───── Input data
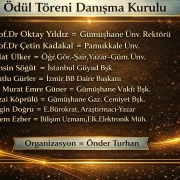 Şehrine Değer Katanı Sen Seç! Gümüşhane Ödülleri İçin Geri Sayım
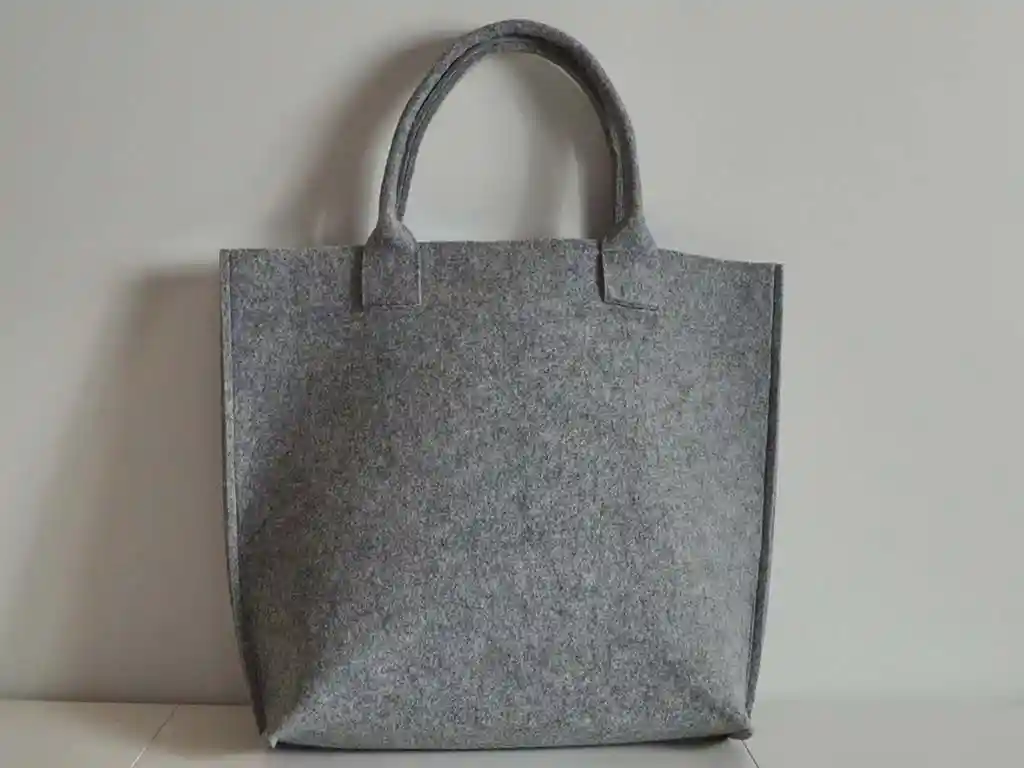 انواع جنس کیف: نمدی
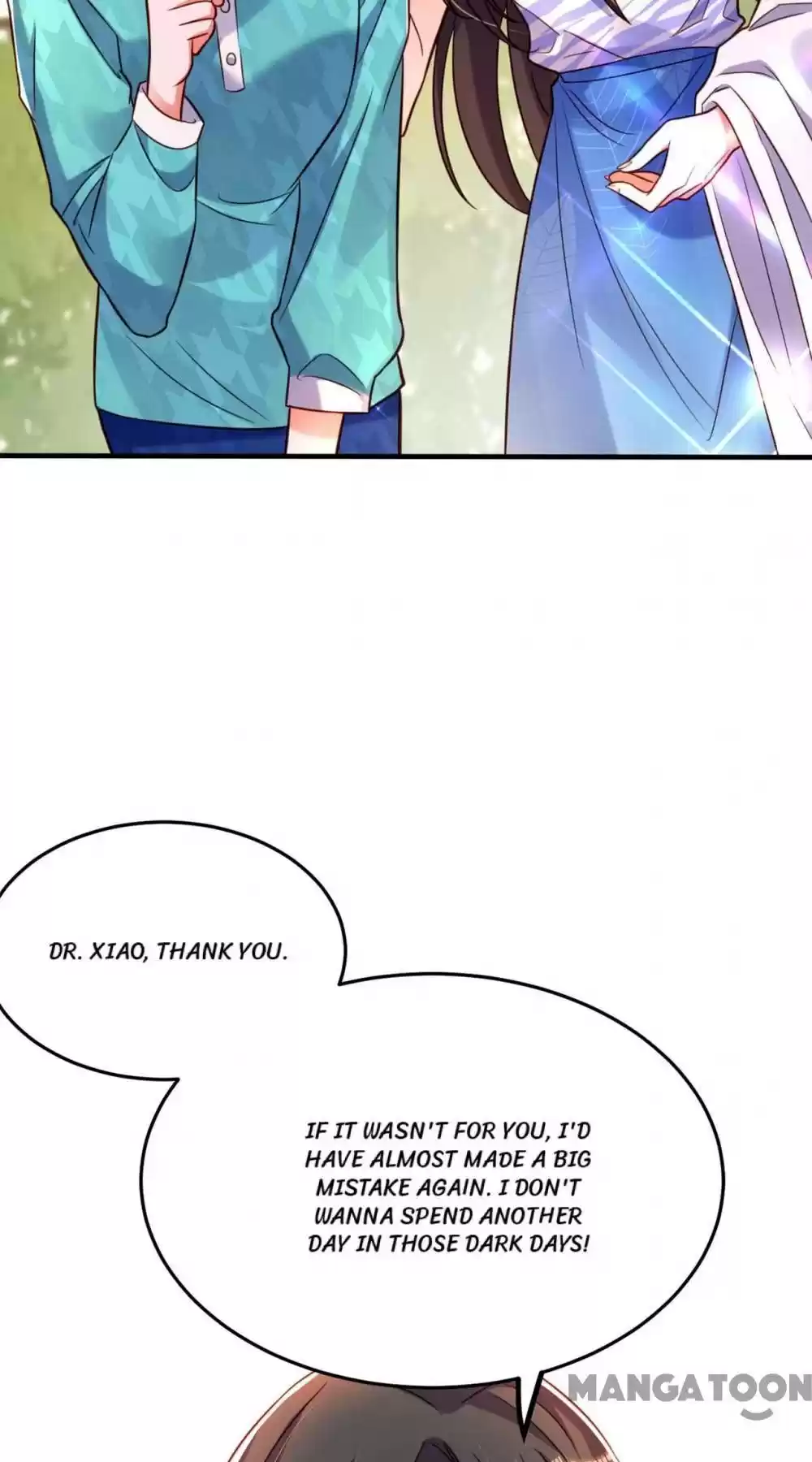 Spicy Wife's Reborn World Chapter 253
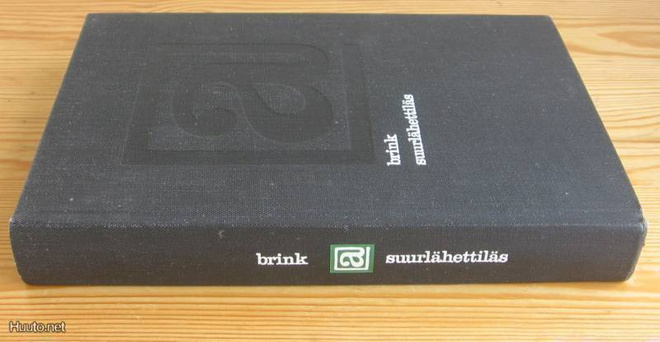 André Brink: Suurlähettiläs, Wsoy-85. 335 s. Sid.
──────────
Your answer must be the lines from the line containing "انواع جنس کیف: نمدی" through the final line of the data, written out exactly, both ends included and pictures left out.

- Written reply:
 انواع جنس کیف: نمدی
 Spicy Wife's Reborn World Chapter 253
 André Brink: Suurlähettiläs, Wsoy-85. 335 s. Sid.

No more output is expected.